The financial market is down globally by a significant amount today. Does that indicate a bear market ahead?
The US Economy
Is the drawdown today indicative of a bear market?
- Market started sliding after the FOMC meeting.
- Stock futures continued the slide overnight as we see disagreement in the US House
- HSBC reported China manufacturing declining for the third consecutive month
- Leading indicators +0.3% in August
- Fedex reported lower forecast for the upcoming quarters, but is not expecting a recession
- The operation twist is not good for US banks’ profitability
- Stocks enter bear market worldwide
- After the close, Nike reported better than expected earnings with strong backlog. NKE up about 5% after market.
The bottom line
It looks like the uncertainty with the banks is driving the market. Uncertainty of the congress passing legislation is another factor. Next week, we are into the month end and a trading rally is possible. But over the longer time horizon, uncertainties remain. And we can see the market going down lower. This will probably be more apparent when the next round of earnings reports commences in October.
The European Economy
IMF meeting in progress, EU will speed up recapitalization for banks
- Greek bond swap may have reached 85% agreement, where 90% is required by the government
- On the positive side, Ireland GDP rised by 1.6% for Q2, exports increased by 23.9% YoY
- A lot of rumors about European banks in trouble, EU pledged swift recapitalization for 16 banks.
The bottom line
The concensus believe that it is the eve of a financial crisis in Europe. The authorities especially the ECB has the muscle to fix this problem, similar to what the US fed did back in 2008. The quesiton is the timing.

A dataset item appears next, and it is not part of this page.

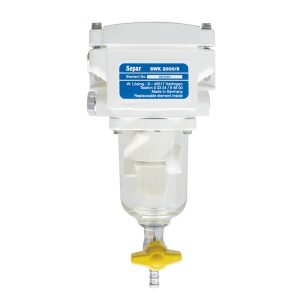 Separ Filtr paliwa - separator wody Seria SWK 2000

When will they announce lower interest rates and special funding for the banks.
The Canadian Economy
Canadian economy still slow
- Retail sales data reported -0.6% MoM for Canada
- The Canadian dollar broke par and traded at USD0.97 today
The bottom line
The market today just show a slowing economy in Canada. Given the current conditions we do not see a rally in the near future.
The market today
The market is down almost 8% since last Friday’s closing, which would indicate an oversold condition, and a technical rally. But the general sentiment is still negative. It is dangerous to sell on rallies because if the ECB comes up with a stimulus plan, the European market as well as all markets will react very quickly to the upside.
We have been hearing about double dip and global recession, but have not seen the statistical indicator just yet. Therefore if the numbers reported in the upcoming quarter do show a global recession, then we would expect further decline in the market.